O 25 de julho marca no calendário internacional a união das mulheres negras contra as desigualdades. Por meio da Lei nº 12.987/2014, no Brasil também se celebra o Dia Nacional de Tereza de Benguela e da Mulher Negra, lembrando a líder que comandou por 20 anos o quilombo de Quariterê – a maior comunidade de resistência negra da capitania do Mato Grosso. 

Tereza, Dandara, Luísa Mahin e tantas outras foram fundamentais contra a escravização. Apesar do apagamento histórico da contribuição feminina negra e indígena, a luta por justiça continua em inúmeras  mulheres e seus movimentos, que seguem construindo horizontes de vida digna para suas famílias e comunidades.

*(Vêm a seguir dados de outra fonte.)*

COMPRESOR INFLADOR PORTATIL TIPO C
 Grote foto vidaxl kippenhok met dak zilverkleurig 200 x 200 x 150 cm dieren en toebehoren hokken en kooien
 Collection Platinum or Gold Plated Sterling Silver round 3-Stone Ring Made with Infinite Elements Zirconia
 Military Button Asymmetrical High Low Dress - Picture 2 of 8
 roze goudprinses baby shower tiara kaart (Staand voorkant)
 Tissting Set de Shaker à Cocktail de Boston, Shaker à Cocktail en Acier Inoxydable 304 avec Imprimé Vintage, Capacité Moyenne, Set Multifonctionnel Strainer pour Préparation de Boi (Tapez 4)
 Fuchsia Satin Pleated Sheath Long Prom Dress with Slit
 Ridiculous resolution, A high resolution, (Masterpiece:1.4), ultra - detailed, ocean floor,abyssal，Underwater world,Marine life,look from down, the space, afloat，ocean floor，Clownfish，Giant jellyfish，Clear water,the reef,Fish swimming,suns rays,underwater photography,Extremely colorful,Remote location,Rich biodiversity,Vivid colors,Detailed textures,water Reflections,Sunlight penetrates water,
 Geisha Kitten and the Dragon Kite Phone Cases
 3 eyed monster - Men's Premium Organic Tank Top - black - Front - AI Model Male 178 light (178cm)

Desigualdade históricas e persistentes

Os séculos de violência colonial estabeleceram desigualdades profundas na América Latina. O Brasil foi o país que mais recebeu pessoas africanas sequestradas: quase 5 milhões de seres humanos submetidos à escravização que durou mais de 300 anos. 

Com a imposição de um modelo exploratório, monocultor e latifundiário, a colonização moldou de forma drástica as experiências das vidas negras. As mulheres negras e indígenas foram animalizadas, reduzidas à mão de obra e a objeto sexual.

A abolição foi decretada em 1888, mas pouco mudou a condição de exploração das pessoas negras, uma vez que inseriu a população "livre” na sociedade de classes sem qualquer tipo de política de apoio. Em conjunto com o alto índice de imigrantes europeus nos postos assalariados, as pessoas negras foram empurradas para atividades consideradas periféricas, marginais e fisicamente desgastantes.

Frente à ordem racista, patriarcal e de classes, para as mulheres negras restou o serviço doméstico: uma extensão da condição subalterna desde a casa grande à casa das famílias burguesas, como denunciam diversas intelectuais e ativistas negras. Entre as quase seis milhões de pessoas ocupadas no serviço doméstico, mais de 67% são mulheres negras e apenas em 2013 os direitos trabalhistas desta categoria foram promulgados por meio da PEC nº 72/2013. De acordo com pesquisa do Dieese em 2023, a ampla maioria das pessoas desta categoria estava na informalidade (75,3%), sem contribuição para a previdência social (64,7%), em situação de pobreza (26,2%) ou de extrema pobreza (13,4%).

São vários os indicadores sociais e econômicos que revelam como as desigualdades de classe, raça e gênero marcam a vida das mulheres. 

Levantar-se contra as desigualdades

Se é preciso denunciar como o racismo opera, é também importante demarcar os processos de resistência construídos. As mulheres negras carregaram legados de seus lares ancestrais que contribuíram para organizar as lutas por liberdade e, mesmo invisibilizadas, influenciaram a formação social brasileira.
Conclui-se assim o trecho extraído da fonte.